Outro fator preocupante é a crescente influência da língua portuguesa. "A gente nota, entre os próprios cuicuros, que o idioma falado pelos velhos é mais rico. Os jovens já têm outra versão da língua, simples e com algumas palavras em português", diz Bruna. Em 2010, o grupo fez parte do projeto Dokumentation Bedrohter Sprachen (Dobes), apoiado pela Fundação Volkswagen, que patrocinou a documentação do karib.

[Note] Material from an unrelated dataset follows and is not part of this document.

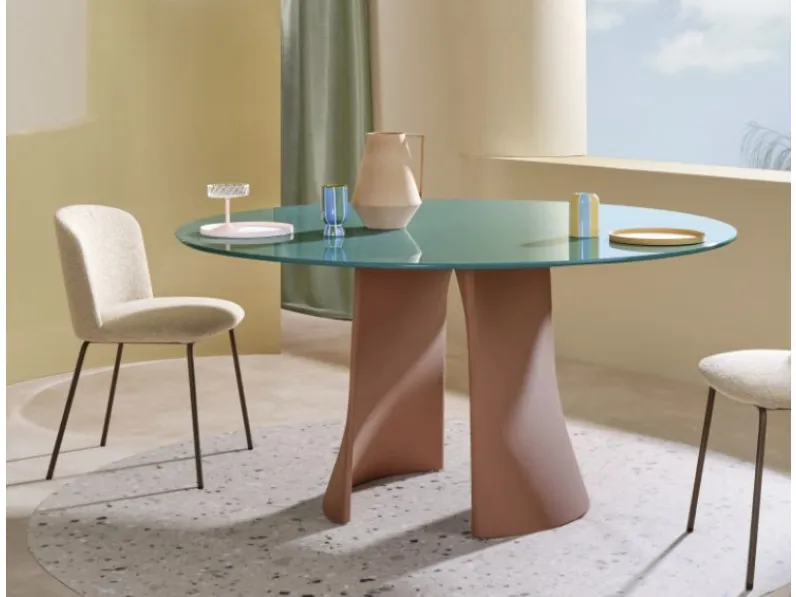 Tavolo Anemos di Pedrali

O acesso a línguas documentadas de forma correta pode ajudar os índios a retomar sua cultura, mesmo que em determinado momento ela tenha sido esquecida. "Sempre tive poucas esperanças até que li que o povo judeu também perdeu seu idioma, o hebraico, que foi reaprendido por apenas uma família", diz Ailton, dos crenaques. "Só espero que os processos de documentação ocorram a tempo de aproveitarmos a memória dos idosos. Toda a vez que um deles morre é uma biblioteca viva que se acaba."